Dataset extract ->
● ● ● ●
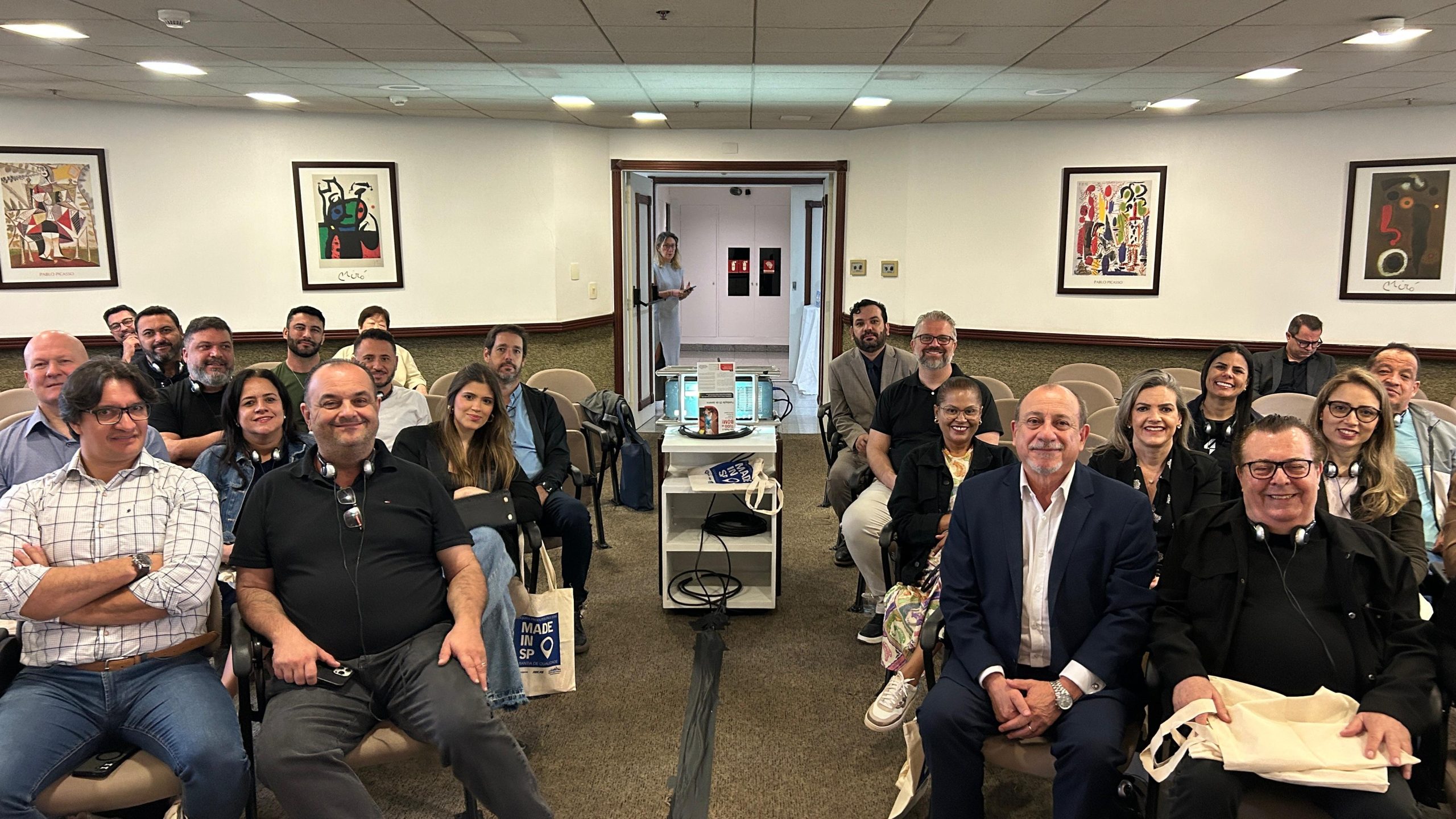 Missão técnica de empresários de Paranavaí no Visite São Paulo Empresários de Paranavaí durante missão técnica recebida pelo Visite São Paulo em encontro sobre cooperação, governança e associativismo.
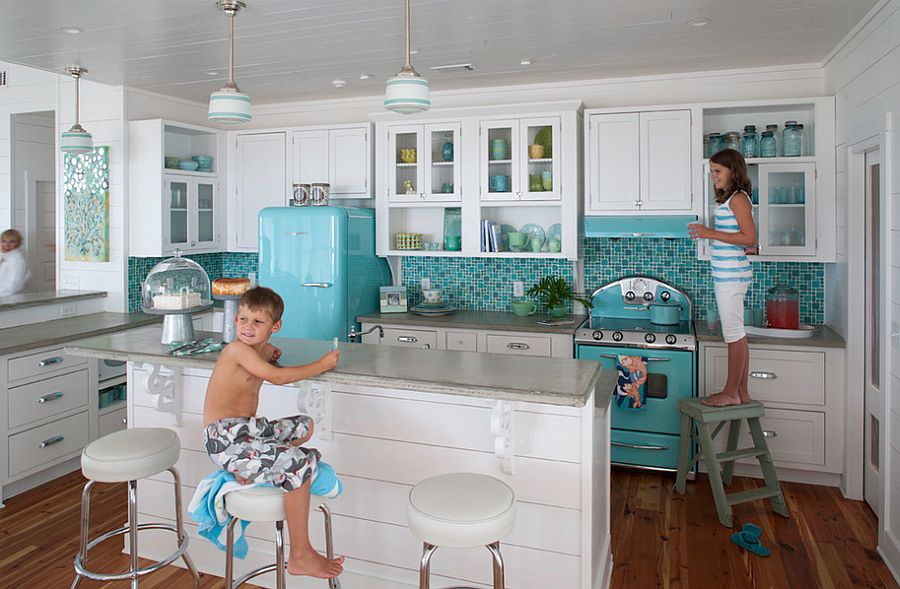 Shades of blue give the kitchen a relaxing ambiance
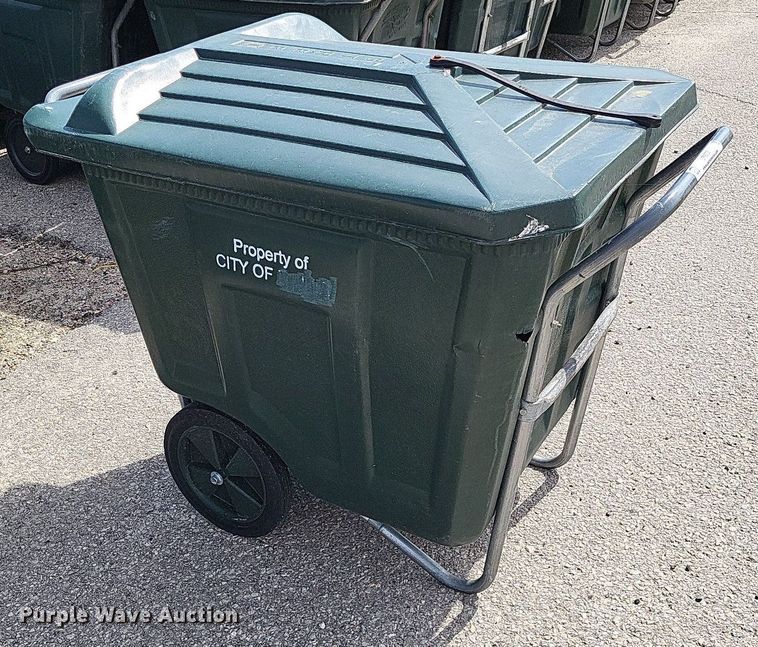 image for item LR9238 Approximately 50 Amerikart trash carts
● ● ● ●
Your task -> Exactly as written, restate all of the data, leaving out the images.

Task solution ->
 Missão técnica de empresários de Paranavaí no Visite São Paulo Empresários de Paranavaí durante missão técnica recebida pelo Visite São Paulo em encontro sobre cooperação, governança e associativismo.
 Shades of blue give the kitchen a relaxing ambiance
 image for item LR9238 Approximately 50 Amerikart trash carts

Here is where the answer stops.